» **Record extracts**
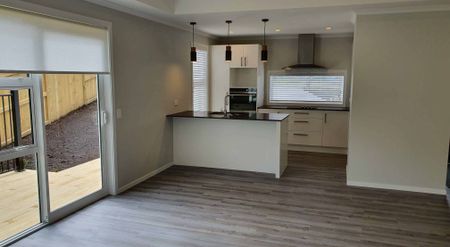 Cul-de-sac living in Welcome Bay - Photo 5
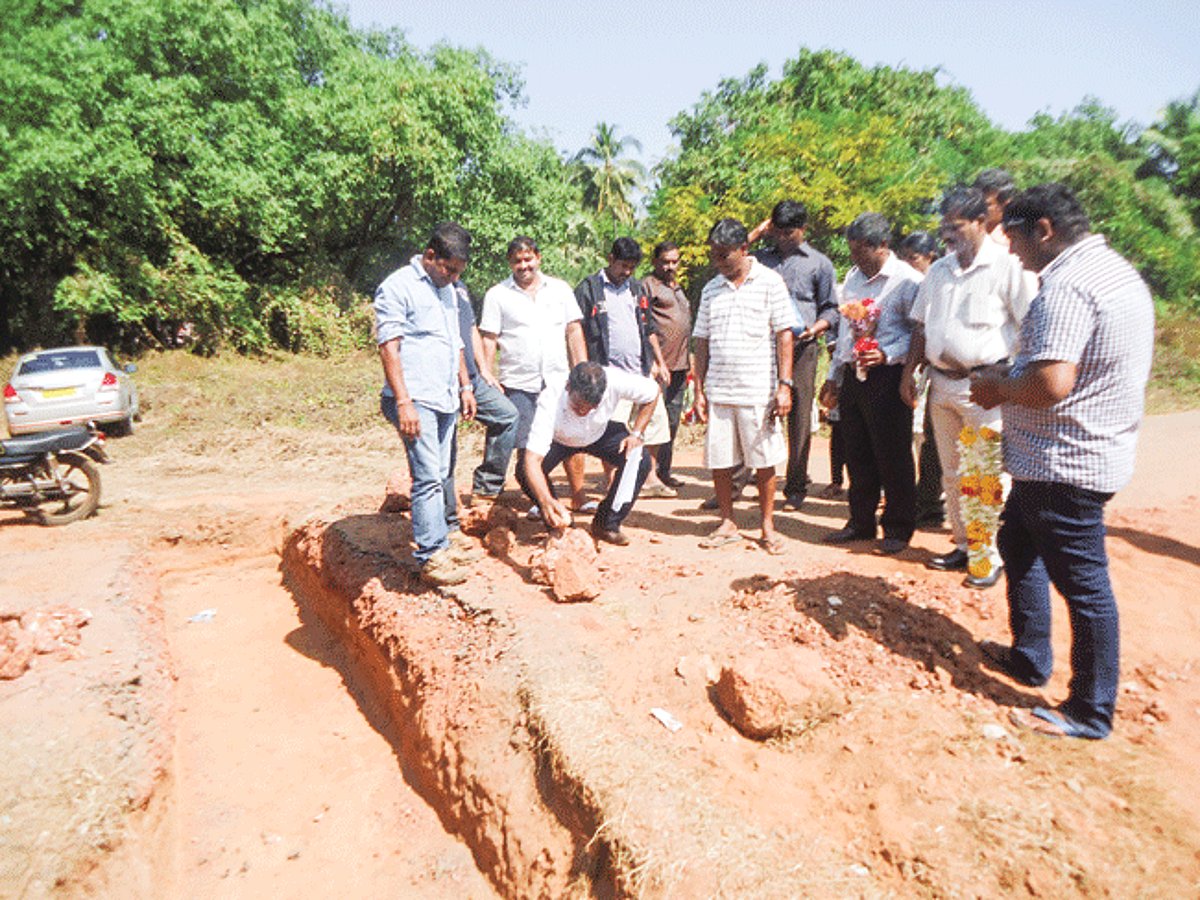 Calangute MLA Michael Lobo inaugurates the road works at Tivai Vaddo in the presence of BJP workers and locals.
...
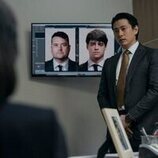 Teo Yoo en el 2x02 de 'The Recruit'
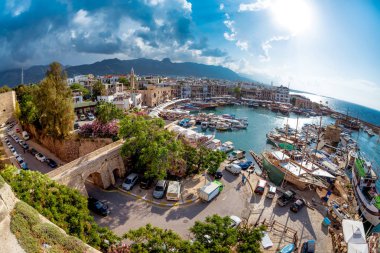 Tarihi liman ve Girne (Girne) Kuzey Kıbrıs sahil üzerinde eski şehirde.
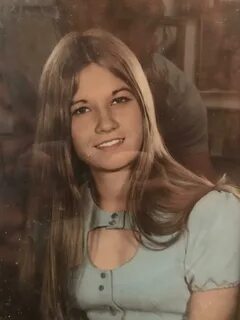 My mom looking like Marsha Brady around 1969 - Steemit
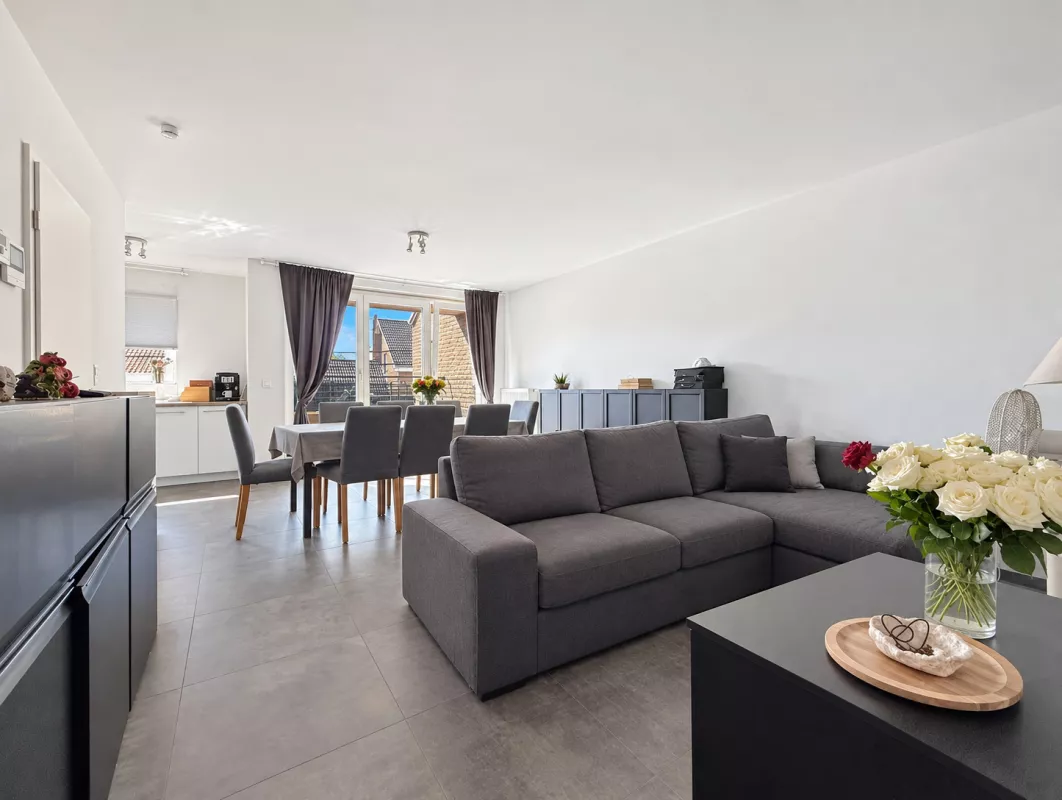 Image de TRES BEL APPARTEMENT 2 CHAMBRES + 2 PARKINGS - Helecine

» **Exercise brief**
In the data above, find the line with "Tarihi liman ve" and the line with "Image de TRES". Please copy exactly those two lines and every line between them, but not the pictures.

» **Result of the exercise**
 Tarihi liman ve Girne (Girne) Kuzey Kıbrıs sahil üzerinde eski şehirde.
 My mom looking like Marsha Brady around 1969 - Steemit
 Image de TRES BEL APPARTEMENT 2 CHAMBRES + 2 PARKINGS - Helecine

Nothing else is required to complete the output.